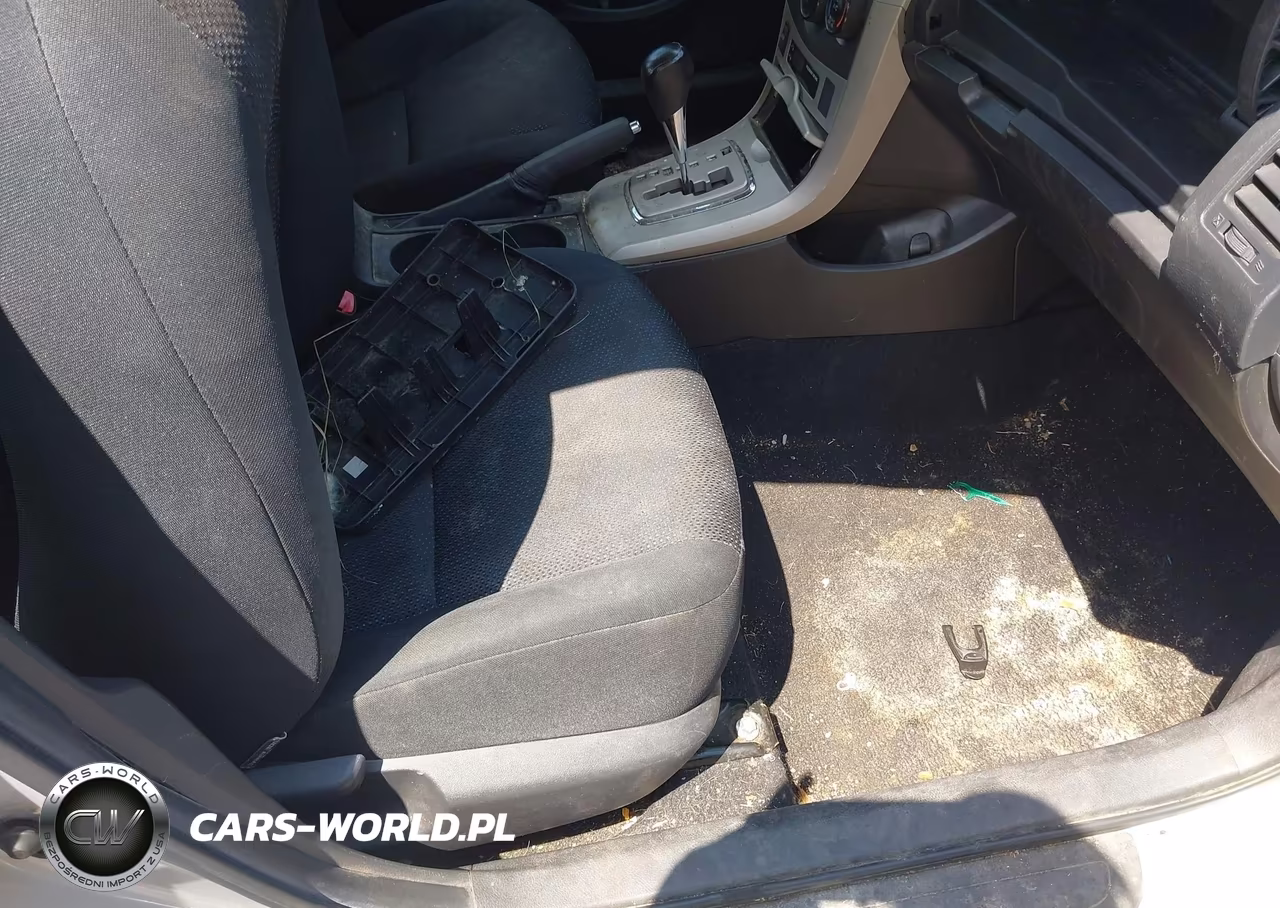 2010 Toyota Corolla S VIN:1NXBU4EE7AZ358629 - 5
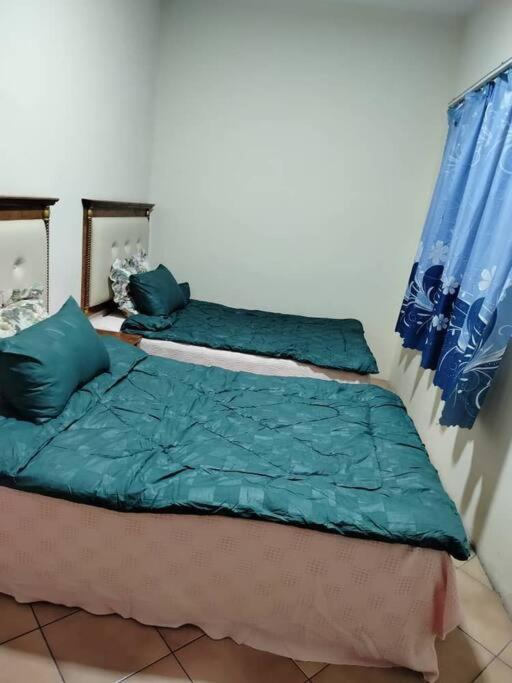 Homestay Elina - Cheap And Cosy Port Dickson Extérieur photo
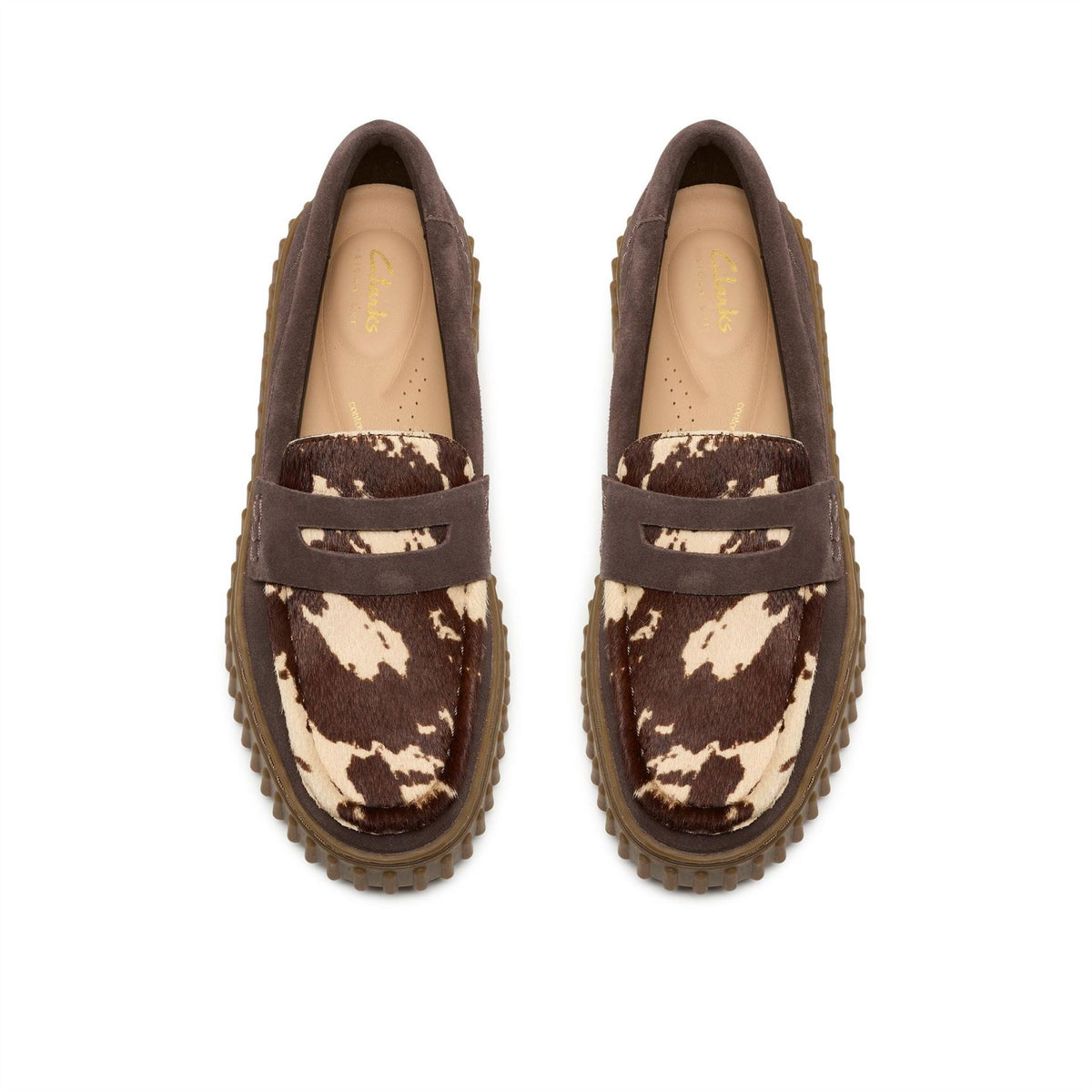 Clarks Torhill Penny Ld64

==

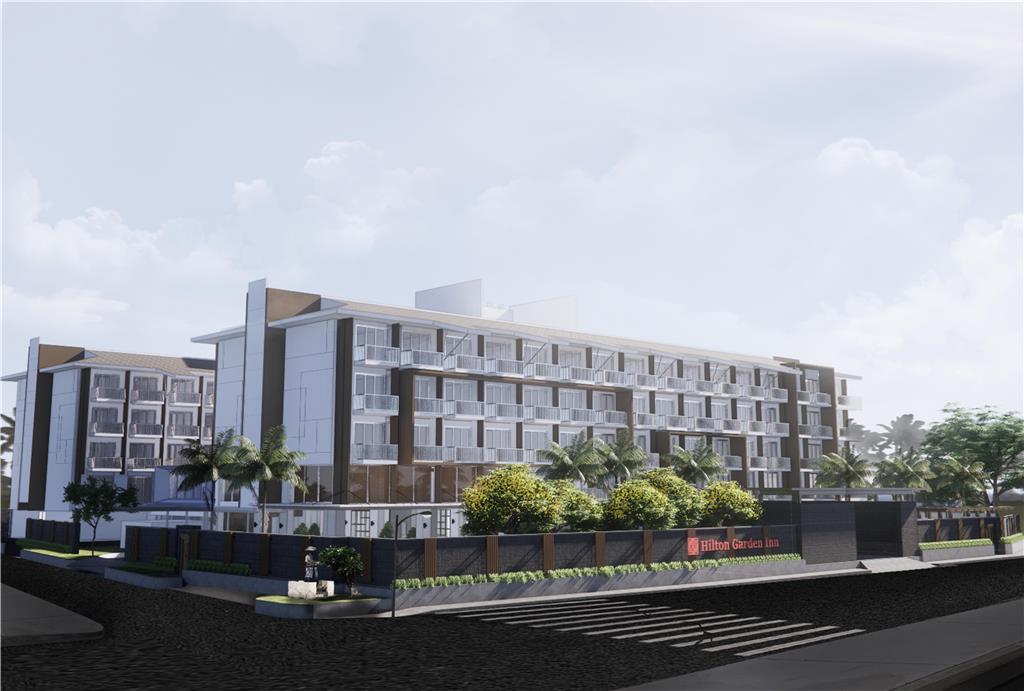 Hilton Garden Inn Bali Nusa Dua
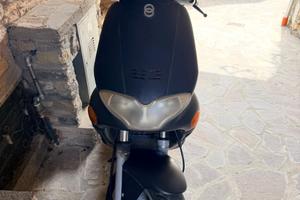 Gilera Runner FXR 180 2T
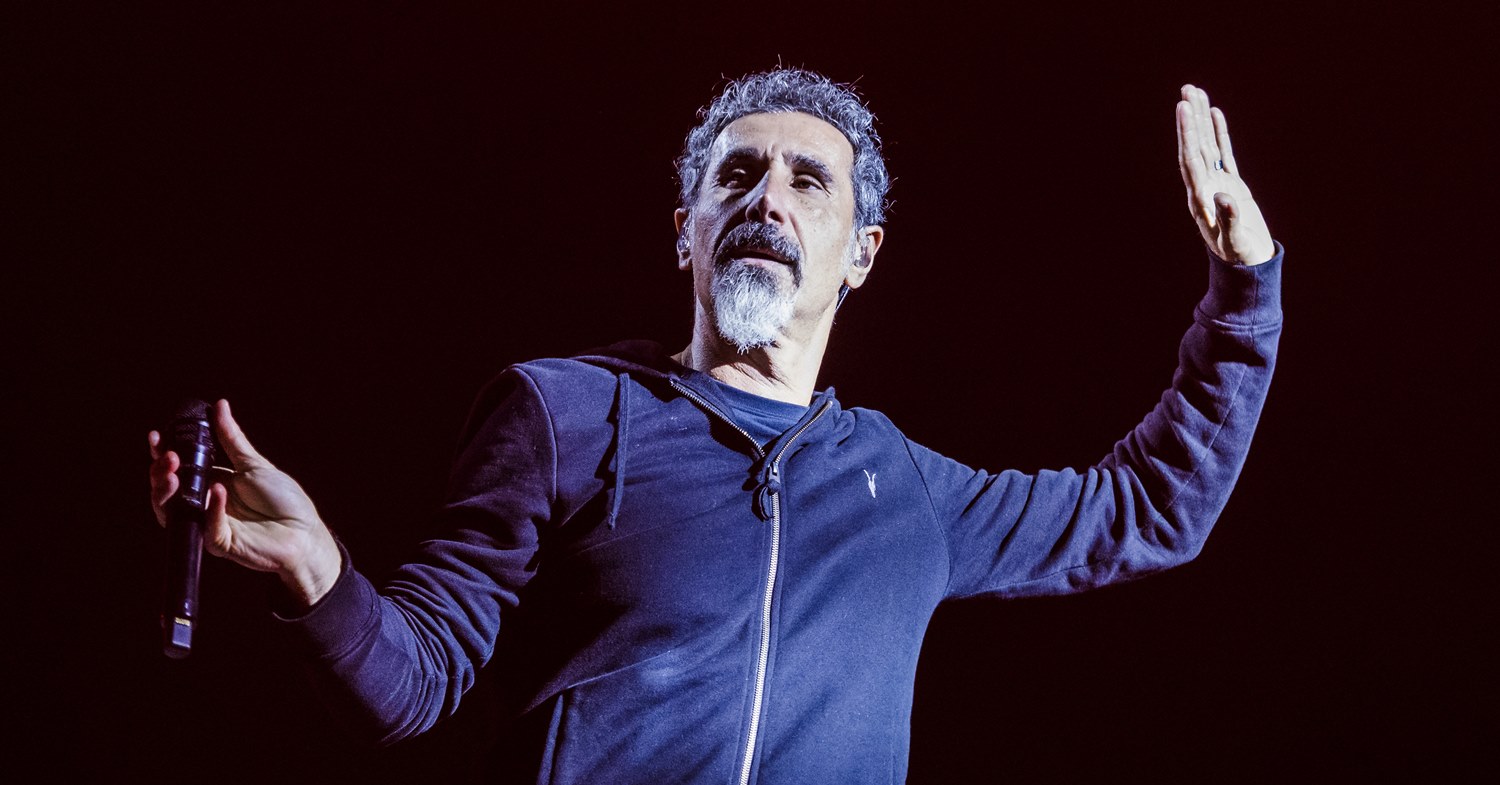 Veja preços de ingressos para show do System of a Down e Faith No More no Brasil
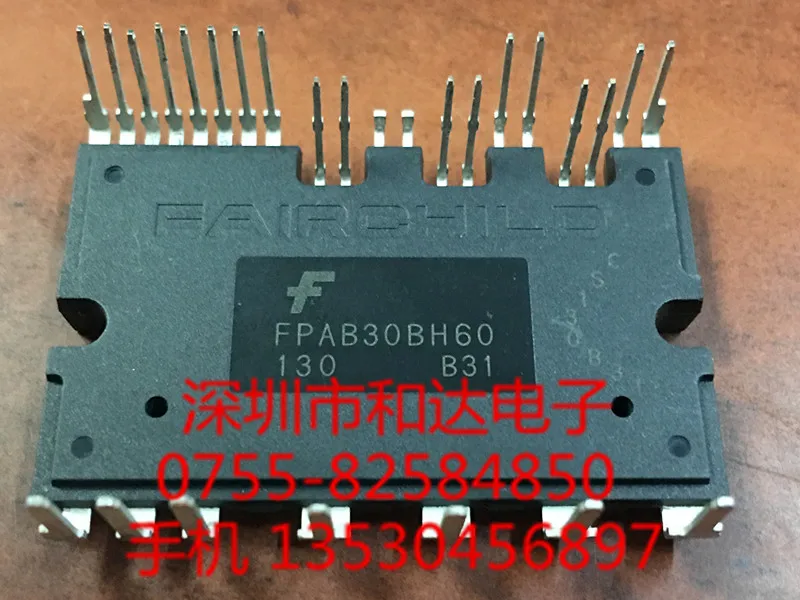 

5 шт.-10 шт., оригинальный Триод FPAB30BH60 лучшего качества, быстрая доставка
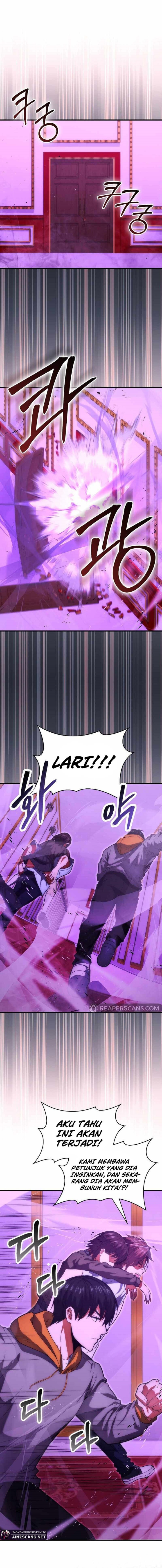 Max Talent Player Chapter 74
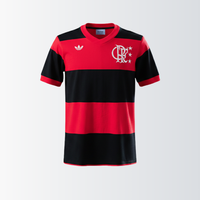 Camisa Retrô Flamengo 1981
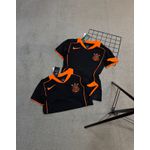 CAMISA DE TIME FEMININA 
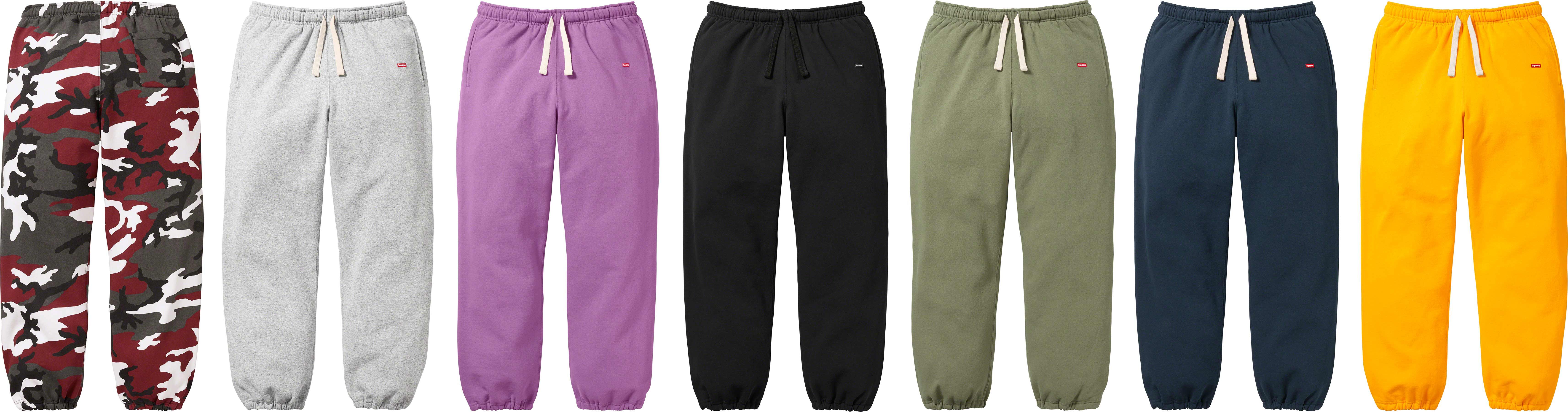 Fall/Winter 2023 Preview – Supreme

ASSIGNMENT: Both boundary lines included, write out word for word only the lines above from the one containing "Max Talent Player Chapter 74" to the one containing "Fall/Winter 2023 Preview – Supreme", leaving out any pictures.

EXPECTED ANSWER:
 Max Talent Player Chapter 74
 Camisa Retrô Flamengo 1981
 CAMISA DE TIME FEMININA 
 Fall/Winter 2023 Preview – Supreme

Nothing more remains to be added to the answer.